The benefit of Gap Inc.’s portfolio is that each brand has a distinct and unique audience of consumers that it draws from. This allows each brand to focus on meeting the needs of its visitors directly instead of trying to be all things for a broader group of consumers. Old Navy in particular has a strong opportunity with consumers as value continues to be a key motivator. 

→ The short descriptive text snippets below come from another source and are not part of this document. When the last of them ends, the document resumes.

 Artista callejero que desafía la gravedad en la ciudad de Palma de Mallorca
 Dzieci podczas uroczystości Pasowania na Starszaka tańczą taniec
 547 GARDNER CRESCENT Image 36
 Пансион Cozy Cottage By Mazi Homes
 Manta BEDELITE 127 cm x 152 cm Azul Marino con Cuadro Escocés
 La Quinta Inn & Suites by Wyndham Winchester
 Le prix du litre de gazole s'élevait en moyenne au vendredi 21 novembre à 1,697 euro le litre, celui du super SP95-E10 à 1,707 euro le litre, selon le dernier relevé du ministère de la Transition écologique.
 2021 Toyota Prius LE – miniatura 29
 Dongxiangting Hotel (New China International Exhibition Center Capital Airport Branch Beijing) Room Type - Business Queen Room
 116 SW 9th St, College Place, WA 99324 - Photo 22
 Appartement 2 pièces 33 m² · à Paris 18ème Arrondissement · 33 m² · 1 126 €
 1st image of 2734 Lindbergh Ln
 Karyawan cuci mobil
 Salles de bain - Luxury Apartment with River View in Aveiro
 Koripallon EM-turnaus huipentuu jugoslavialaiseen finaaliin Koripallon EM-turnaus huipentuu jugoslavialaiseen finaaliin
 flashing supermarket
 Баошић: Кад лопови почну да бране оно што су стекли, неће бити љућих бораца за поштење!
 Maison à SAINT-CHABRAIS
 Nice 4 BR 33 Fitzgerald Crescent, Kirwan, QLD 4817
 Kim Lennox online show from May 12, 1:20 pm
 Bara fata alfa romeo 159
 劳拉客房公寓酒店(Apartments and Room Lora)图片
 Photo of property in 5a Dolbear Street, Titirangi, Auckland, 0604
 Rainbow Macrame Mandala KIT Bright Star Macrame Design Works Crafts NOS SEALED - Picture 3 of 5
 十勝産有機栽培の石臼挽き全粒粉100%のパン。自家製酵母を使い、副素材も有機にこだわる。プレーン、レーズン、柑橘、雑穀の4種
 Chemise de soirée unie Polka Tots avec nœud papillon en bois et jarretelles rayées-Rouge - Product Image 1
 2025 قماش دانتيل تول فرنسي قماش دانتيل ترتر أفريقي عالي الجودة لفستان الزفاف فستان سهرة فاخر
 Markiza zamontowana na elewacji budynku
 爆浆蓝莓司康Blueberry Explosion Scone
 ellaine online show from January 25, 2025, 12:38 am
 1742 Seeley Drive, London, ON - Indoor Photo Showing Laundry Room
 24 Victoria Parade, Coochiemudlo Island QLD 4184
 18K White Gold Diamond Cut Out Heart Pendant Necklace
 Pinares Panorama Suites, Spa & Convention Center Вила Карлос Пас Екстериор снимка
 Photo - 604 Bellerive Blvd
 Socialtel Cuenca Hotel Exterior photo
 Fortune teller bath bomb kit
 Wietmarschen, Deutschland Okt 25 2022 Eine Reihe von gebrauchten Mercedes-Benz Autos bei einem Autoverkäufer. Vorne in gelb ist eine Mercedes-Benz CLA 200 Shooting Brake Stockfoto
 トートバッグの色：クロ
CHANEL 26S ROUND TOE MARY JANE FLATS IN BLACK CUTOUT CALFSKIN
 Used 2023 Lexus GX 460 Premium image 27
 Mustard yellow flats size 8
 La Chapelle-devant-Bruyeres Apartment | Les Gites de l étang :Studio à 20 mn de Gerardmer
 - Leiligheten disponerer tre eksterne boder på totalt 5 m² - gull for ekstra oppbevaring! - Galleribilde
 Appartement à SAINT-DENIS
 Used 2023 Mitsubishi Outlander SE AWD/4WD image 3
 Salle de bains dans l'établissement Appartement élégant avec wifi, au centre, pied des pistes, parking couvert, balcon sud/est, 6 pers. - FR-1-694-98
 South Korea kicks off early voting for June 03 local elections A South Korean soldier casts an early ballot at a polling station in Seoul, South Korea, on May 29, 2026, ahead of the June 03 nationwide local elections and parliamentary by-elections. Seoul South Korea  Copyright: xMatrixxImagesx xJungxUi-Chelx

Gap has done all of the right things to not only catch up to consumers’ expectations but to rise beyond them. Even as legacy store-based retail brands have seen more disruption over the past few years, Gap is ready to step back into the spotlight.

Variety of Paths to Success in 2025 

The diversity of brands featured in this report highlight the variety of categories and strategic initiatives that can drive retail and dining success in 2025. 

Sprouts’ focus on quality products and small-format stores, CAVA’s rise as a suburban dining powerhouse, and Nordstrom’s commitment to customer experience all highlight how understanding and responding to consumer needs can drive success. Brands like Ashley Furniture, Sam’s Club, H Mart, and Life Time have shown how offering a unique value proposition within a crowded segment, leveraging loyalty, and creating memorable experiences can fuel growth. And Raising Cane’s demonstrates the power of simplicity and operational efficiency in building momentum.

At the same time, niche players like Bluemercury are excelling by catering to specific audiences with authenticity and expertise. And while Starbucks, Adidas, and Gap Inc. face challenges, the three companies’ brand equity and revitalization efforts suggest potential for a significant comeback.